→ **Task prompt**: Your output should be exactly the lines from the one containing "Spektrum promieniowania świetlnego" through the final line of the following data, please, with no pictures.

── Recorded information ──

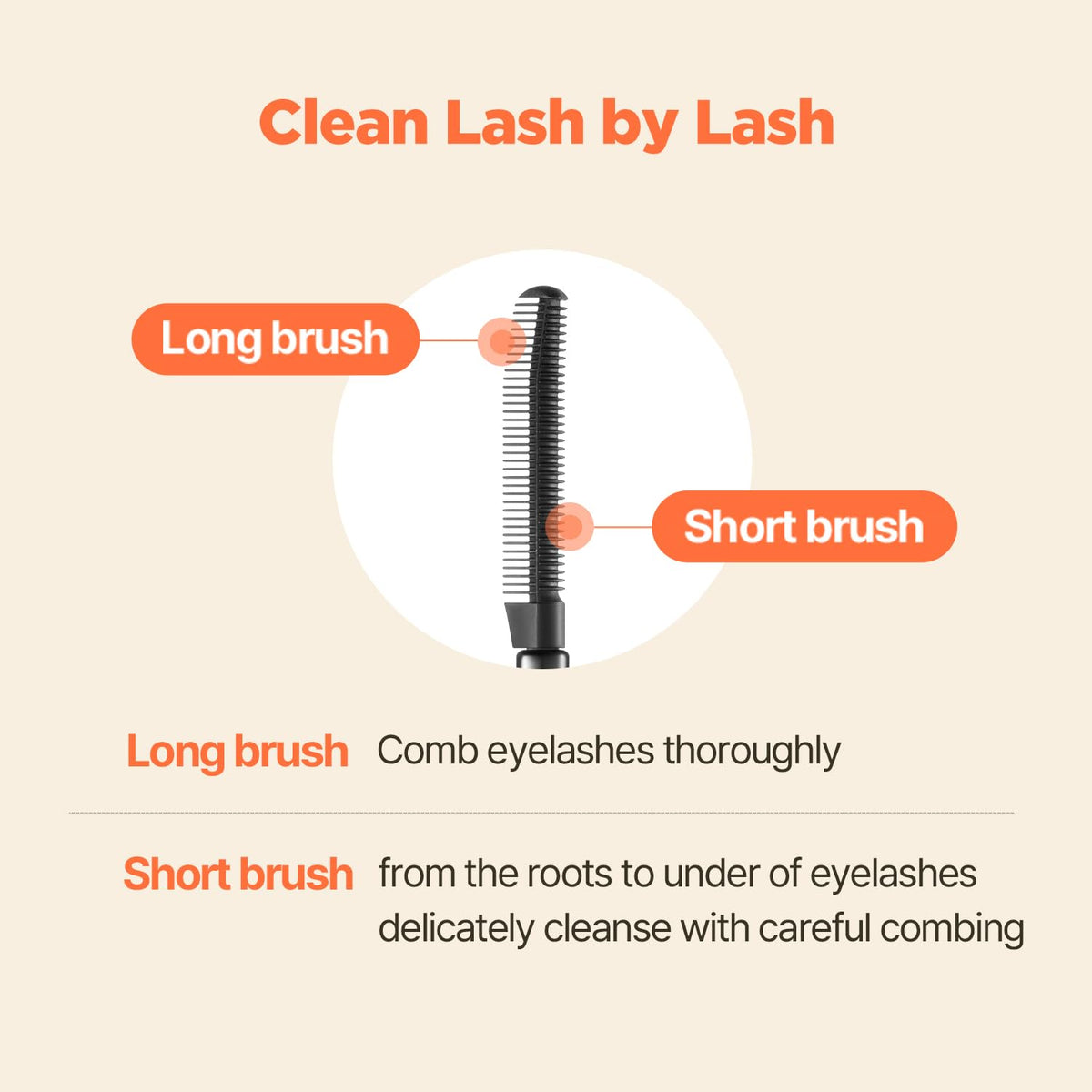 COSNORI duo in bathroom routine setting showing quick, easy cleansing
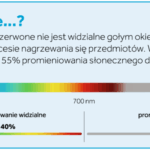 Spektrum promieniowania świetlnego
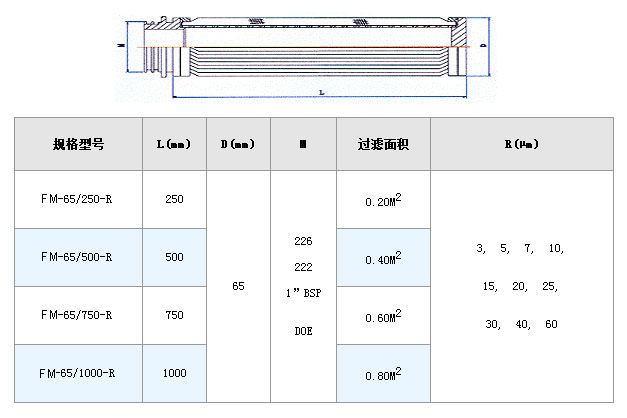 電廠濾芯_http://m.ksshangpin.cn_不銹鋼折疊濾芯_第2張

───

→ **Expected answer**:
 Spektrum promieniowania świetlnego
 電廠濾芯_http://m.ksshangpin.cn_不銹鋼折疊濾芯_第2張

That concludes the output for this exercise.